Note: This isn't a cold, dry API manual. I've annotated the easily overlooked behavioral details right alongside them—like whether it actually validates the length for you, or whether it automatically sends an ACK.


These are the infrastructure functions for Netlink communication, handling the common logic from socket creation to message encapsulation.

struct sock *netlink_kernel_create(struct net *net, int unit, struct netlink_kernel_cfg *cfg)

  • Purpose: Creates a Netlink socket in kernel space. This is the starting point for all kernel-side Netlink communication.
  • Parameters: unit is the protocol number (e.g., NETLINK_GENERIC), and cfg is the configuration structure (where you plug in your callback functions).
  • Details: Returns a sock pointer on success, or NULL on failure. When it fails, it's usually due to a protocol number conflict or insufficient memory.

int netlink_rcv_skb(struct sk_buff *skb, int (*cb)(struct sk_buff *, struct nlmsghdr *))

  • Purpose: The "standard butler" for receiving Netlink messages. It gets called inside your input callback.
  • Why we need it: It handles all the tedious dirty work for you—checking if the message header length is out of bounds (NLMSG_HDRLEN), skipping control messages (like NLMSG_ERROR), and handling the NLM_F_ACK flag (if the user requests a reply, it automatically calls netlink_ack() to send an error packet).
  • Your job: You just need to stuff your actual business logic into the cb callback function you pass to it. If cb returns a non-zero value, netlink_rcv_skb considers it an error and sends an ERROR message back.

struct sk_buff *nlmsg_new(size_t payload, gfp_t flags)

  • Purpose: Allocates a new Netlink message buffer (sk_buff).
  • Details: Internally, it calls alloc_skb(). If you specify payload as 0, it's smart enough to allocate at least an aligned message header length (NLMSG_HDRLEN). This prevents you from corrupting memory before you even fill in the message header.

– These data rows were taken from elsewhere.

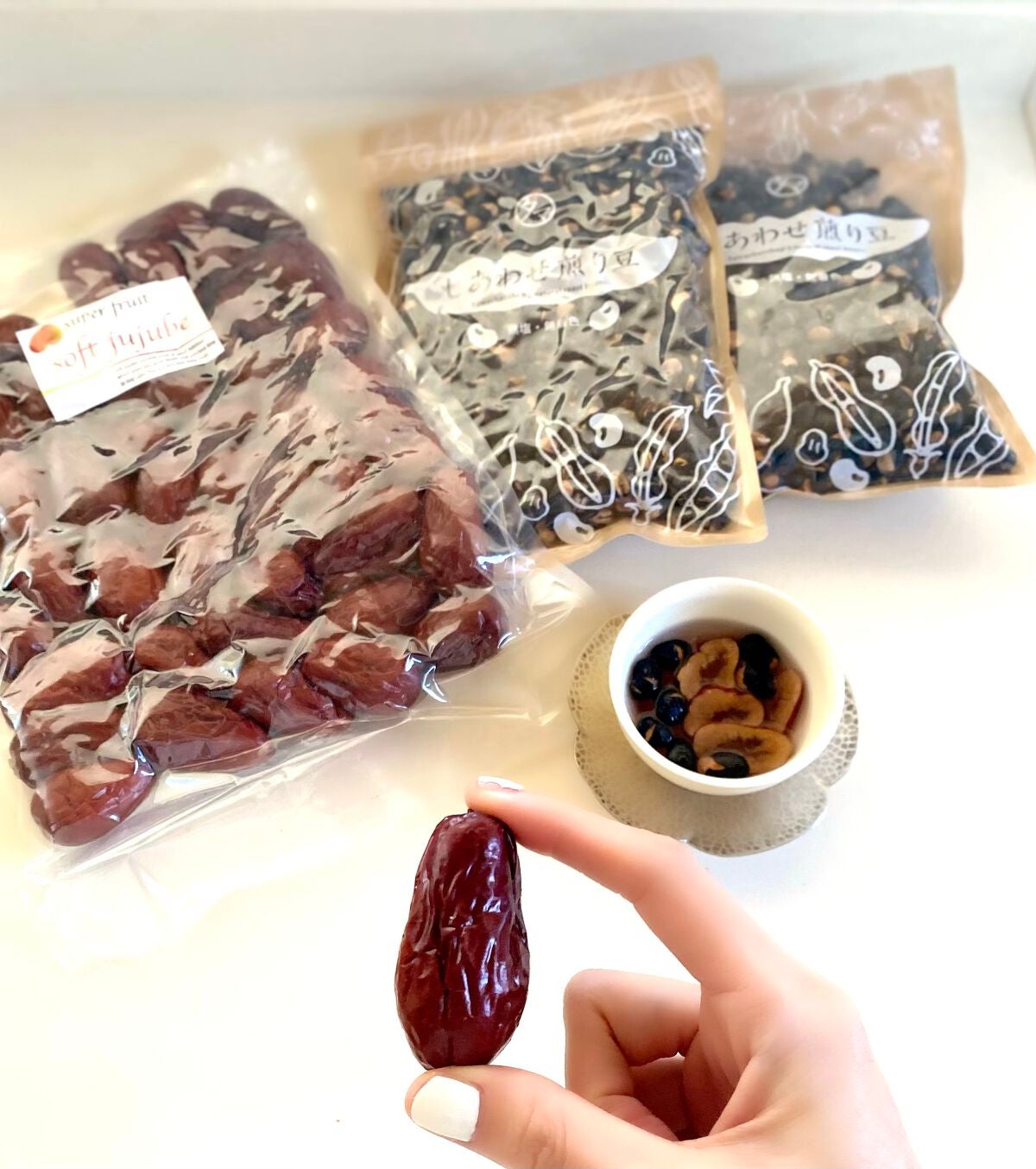 いまここ on LIPS 「私が飲んでいる女性に嬉しい美容茶レシピです。お肌や髪のケアやダ..」(1枚目)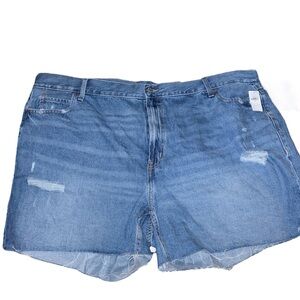Old Navy Slouchy Straight High-rise Shorts NWT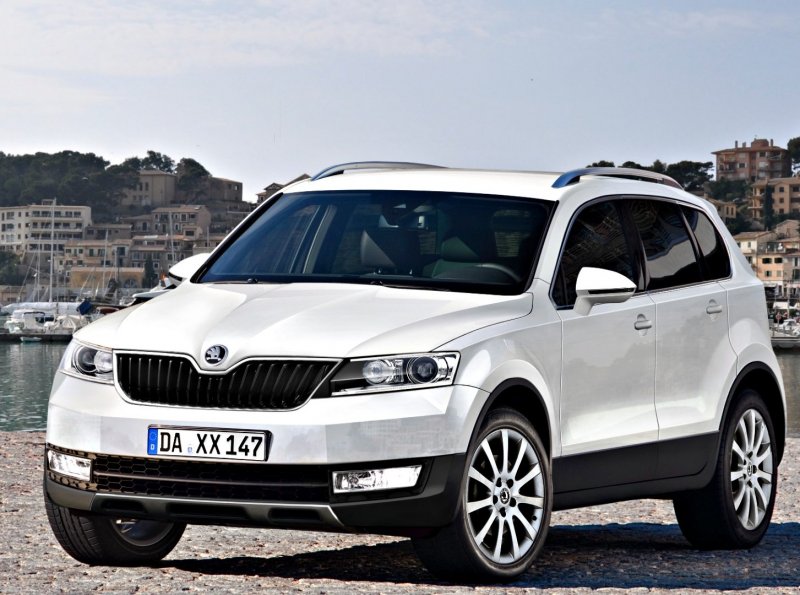 Шкода Кодиак 2021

void *nlmsg_put(struct sk_buff *skb, u32 portid, u32 seq, int type, int len, int flags)

  • Purpose: Constructs a Netlink message header and places it into the data area of skb.
  • Details: It calls __nlmsg_put(). If there isn't enough space (insufficient tail room in skb), it returns NULL and discards skb.
  • Tip: Always check the return value! If it returns NULL, it means the skb you allocated is too small. Don't keep writing—just throw away skb and start over.

struct nlmsghdr *nlmsg_hdr(const struct sk_buff *skb)

  • Purpose: Gets the Netlink message header pointer from a skb.
  • Details: Essentially, it just returns skb->data with a type cast. Don't let the macro scare you; it just saves you a few lines of explicit type casting.

struct netlink_sock *nlk_sk(struct sock *sk)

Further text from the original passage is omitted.